**Aim of the task:**
From the line containing "So we're going" through the last line of the data, both ends included, write out every line exactly; omit the pictures.

**Collected data entries:**
----------

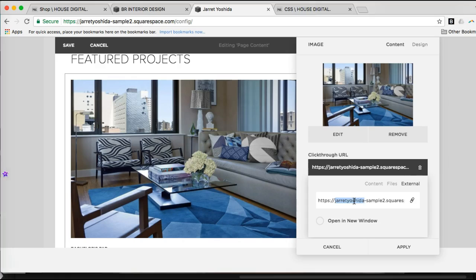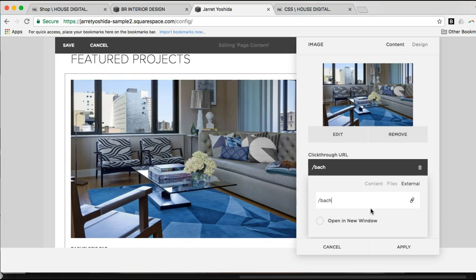I'll show you in just a second. First of all, the correct link would be Bachelor's Pad. Notice that the way I write it, it's just the slug. It doesn't include the domain name.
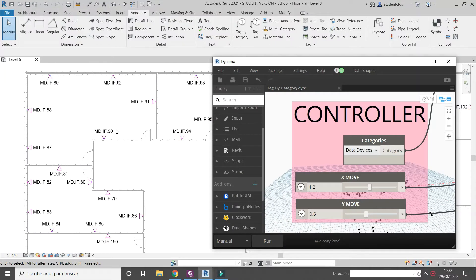In this video I'm sharing one of my best Dynamo scripts. I'm pretty sure that you will download and use it in your daily Revit work. We are going to tag Revit elements in the shortest time possible.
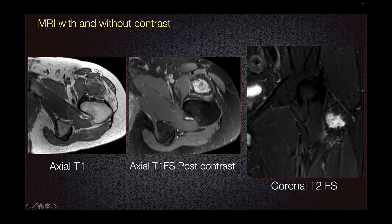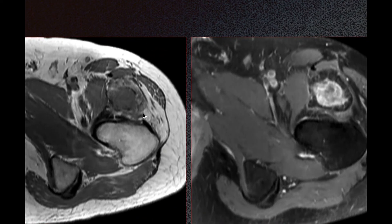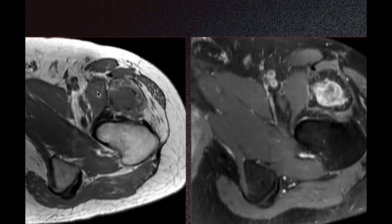We can see that there is peripheral signal that is the same signal as the adjacent bone, and then an iso-intense component centrally, iso-intense to the surrounding muscle. On the axial T1 fat sat post-contrast imaging, we can see a hypo-intense periphery of this lesion and some heterogeneous enhancing components centrally.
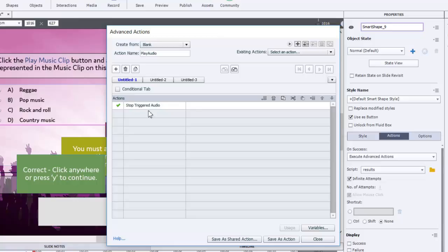But let's say I had four buttons on this slide instead of just the one and each one would play a different audio track. The stop triggered audio would stop any previously played music from continuing before playing the next audio that you're going to play. And the advantage of course is that this will prevent a cacophony of sound coming through the user's speakers and only play one audio file at a time.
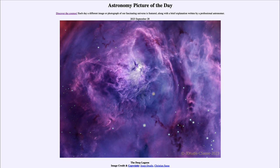What we see here is known as the Lagoon Nebula, also known by its catalog designation of M8. This is part of a star-forming region located in the constellation of Sagittarius, close to the direction of the center of our Milky Way.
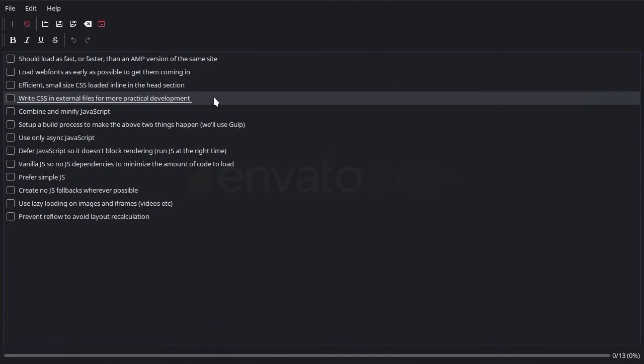So we're going to get everything set up so that we can work on our CSS files externally, then have them inline in our HTML files later so we get the best of both worlds.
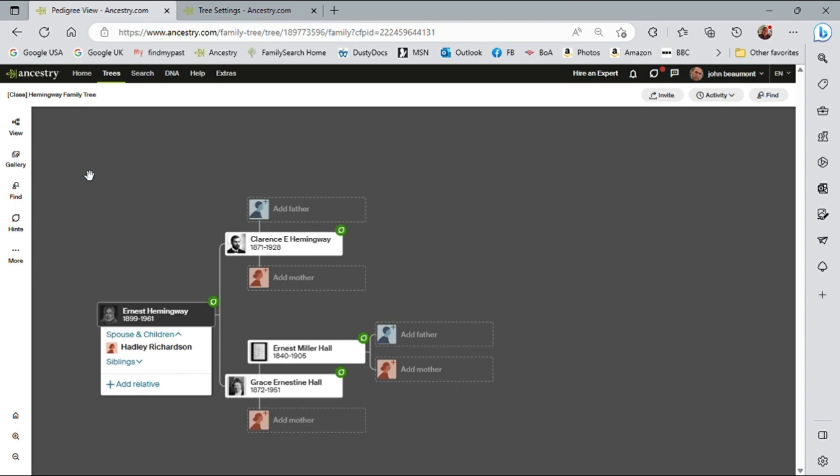I'll be making two videos regarding Ancestry hints. This particular video will be looking at hints more generically and the second video will be looking at hints from the profile on how to actually handle the hint. But let's talk about hints generically first of all.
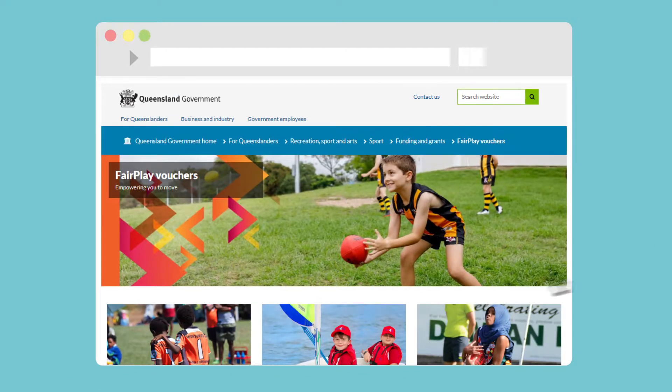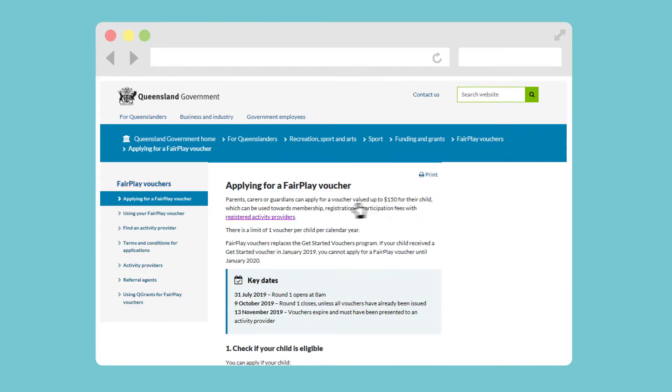Let's create a QGrants account. You'll need an email address and the instructions on our Applying for a Fair Play Voucher page.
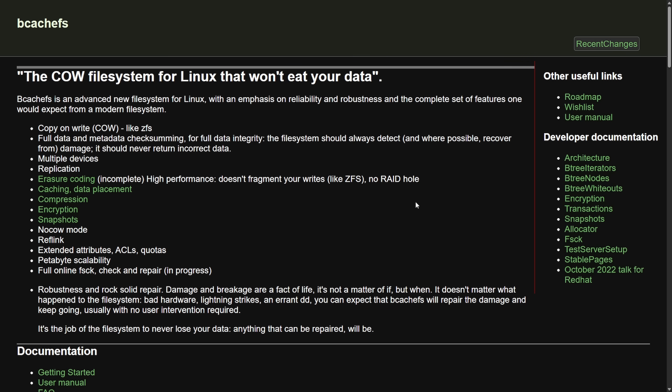In order to understand what's going on here, we're going to do a quick recap of what bcachefs is and how we got here before dissecting Linus's final decision and the fate of bcachefs in the Linux kernel.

----------

**Exercise solution:**
So we're going to get everything set up so that we can work on our CSS files externally, then have them inline in our HTML files later so we get the best of both worlds.
I'll be making two videos regarding Ancestry hints. This particular video will be looking at hints more generically and the second video will be looking at hints from the profile on how to actually handle the hint. But let's talk about hints generically first of all.
Let's create a QGrants account. You'll need an email address and the instructions on our Applying for a Fair Play Voucher page.
In order to understand what's going on here, we're going to do a quick recap of what bcachefs is and how we got here before dissecting Linus's final decision and the fate of bcachefs in the Linux kernel.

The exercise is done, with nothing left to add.